Blinken is among the people Biden "trusts most" on foreign policy, said Rob Malley, who also worked in the Obama White House and has known Blinken since the early 1970s, when they were both young American boys growing up in Paris. The two even faced off during a high school debate over the Israeli-Palestinian conflict, Malley recalled, though he couldn't remember who won.

Malley, now president of the Crisis Group, and others say Blinken is easygoing and self-effacing despite a high-flying upbringing in New York and Paris. His mother ran a New York dance company, among other positions, and his father, co-founder of a venture capital firm, is a well-known arts patron and served as U.S. ambassador to Hungary in the 1990s.

Blinken's move to Paris came when he was nine, after his parents divorced and his mother married Samuel Pisar, a Holocaust survivor who became an accomplished lawyer, representing Hollywood stars and corporate executives, and who also advised presidents on both sides of the Atlantic.

During his 2014 confirmation hearing to become then-Secretary of State John Kerry's deputy, Blinken said the move to France opened his eyes to the world and allowed him to see the United States through the eyes of others.

"I found myself enlisted at a very young age in playing junior diplomat, trying to explain the United States to my fellow students," he said, noting it was as the U.S. was grappling with the end of the Vietnam War, among other watershed events.

A lengthy Washington Post profile of Blinken said his life story "reads like a Jewish high-society screenplay" with a "supporting cast" that included the likes of John Lennon and Leonard Bernstein.

In Washington, Blinken has steadily risen through the foreign policy ranks.
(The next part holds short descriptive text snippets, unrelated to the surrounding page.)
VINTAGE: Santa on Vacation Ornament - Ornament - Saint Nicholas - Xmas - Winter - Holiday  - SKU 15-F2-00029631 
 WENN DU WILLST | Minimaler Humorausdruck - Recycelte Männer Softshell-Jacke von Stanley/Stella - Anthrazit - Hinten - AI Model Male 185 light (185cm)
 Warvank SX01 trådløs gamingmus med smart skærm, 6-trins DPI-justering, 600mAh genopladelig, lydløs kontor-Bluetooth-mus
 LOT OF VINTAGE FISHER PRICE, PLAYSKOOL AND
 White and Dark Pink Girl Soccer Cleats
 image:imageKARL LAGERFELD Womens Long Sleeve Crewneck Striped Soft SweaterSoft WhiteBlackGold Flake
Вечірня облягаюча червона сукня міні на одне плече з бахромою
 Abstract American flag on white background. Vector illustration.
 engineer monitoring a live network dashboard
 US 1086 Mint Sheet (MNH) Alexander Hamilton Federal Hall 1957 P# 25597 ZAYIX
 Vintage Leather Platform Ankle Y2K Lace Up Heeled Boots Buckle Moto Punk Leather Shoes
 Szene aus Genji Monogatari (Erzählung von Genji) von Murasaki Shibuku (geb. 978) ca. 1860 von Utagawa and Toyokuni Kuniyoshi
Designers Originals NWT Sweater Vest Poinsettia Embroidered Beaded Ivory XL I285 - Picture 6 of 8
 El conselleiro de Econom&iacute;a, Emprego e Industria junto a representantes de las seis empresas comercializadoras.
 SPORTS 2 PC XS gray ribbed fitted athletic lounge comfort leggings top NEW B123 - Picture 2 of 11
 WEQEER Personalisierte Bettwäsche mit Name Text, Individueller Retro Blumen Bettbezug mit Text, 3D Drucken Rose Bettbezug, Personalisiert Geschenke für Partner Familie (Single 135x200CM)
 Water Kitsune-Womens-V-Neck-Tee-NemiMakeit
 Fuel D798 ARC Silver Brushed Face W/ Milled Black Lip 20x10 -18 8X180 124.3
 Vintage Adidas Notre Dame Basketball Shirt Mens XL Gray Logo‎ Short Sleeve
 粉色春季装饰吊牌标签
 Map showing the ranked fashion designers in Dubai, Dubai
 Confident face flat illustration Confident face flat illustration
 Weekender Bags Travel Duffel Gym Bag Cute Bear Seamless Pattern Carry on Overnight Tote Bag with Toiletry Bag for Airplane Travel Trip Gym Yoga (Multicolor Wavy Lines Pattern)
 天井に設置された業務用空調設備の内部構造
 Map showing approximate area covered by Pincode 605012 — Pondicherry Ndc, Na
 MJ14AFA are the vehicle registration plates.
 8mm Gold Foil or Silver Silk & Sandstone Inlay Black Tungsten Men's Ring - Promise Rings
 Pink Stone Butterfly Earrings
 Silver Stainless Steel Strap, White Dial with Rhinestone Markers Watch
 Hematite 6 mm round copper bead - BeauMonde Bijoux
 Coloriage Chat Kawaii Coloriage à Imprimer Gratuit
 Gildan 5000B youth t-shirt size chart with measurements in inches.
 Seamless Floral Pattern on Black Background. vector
During his 2014 confirmation hearing, he said he was drawn to diplomatic work by his family's immigrant roots, but he cited in particular his stepfather's harrowing escape, as a young boy in a Nazi concentration camp, during a death march.

"He made a run for it and he found cover," Blinken recounted. Still in hiding a day later, Pisar heard a rumbling sound and peeked out to see an American tank. "The hatch opened up, he got down on his knees and he spoke the only three words in English that he knew ... 'God bless America'."

US Deputy Secretary of State Antony Blinken takes part in a naturalization ceremony on World Refugee Day in recognition of those who have come to the US with refugee or asylum seeker status, at the US Holocaust Museum on June 20, 2016 in Washington, DC.
US Deputy Secretary of State Antony Blinken takes part in a naturalization ceremony on World Refugee Day in recognition of those who have come to the US with refugee or asylum seeker status, at the US Holocaust Museum on June 20, 2016 in Washington, DC.

His stepfather was made an American citizen by an act of Congress, and he went on to serve in the John F. Kennedy administration, as well as advising two French presidents.

In Obama's second term, he snatched Blinken from Biden's staff to be his deputy national security adviser and in 2014, Obama nominated Blinken to the No. 2 post at the State Department.

"Tony has displayed extraordinary integrity, judgment, and inclusiveness as he has implemented America’s foreign policy priorities," Obama said after Blinken was confirmed by the Senate, mostly along party lines, to be deputy secretary of state.

Republicans criticized Blinken then for his stewardship of Obama's foreign policy, including the U.S. drawdown in Iraq, the move to end the war in Afghanistan and a faltering response to the bloodshed in Syria.

McCain called Blinken "not only unqualified but in fact, in my view, one of the worst selections ... that this president has chosen."

Blinken is married to Evan Ryan, who served as an assistant secretary of state for educational and cultural affairs under Obama. She is now on the board of the Women's Foreign Policy Group, which says its mission is to advance women’s leadership in international affairs.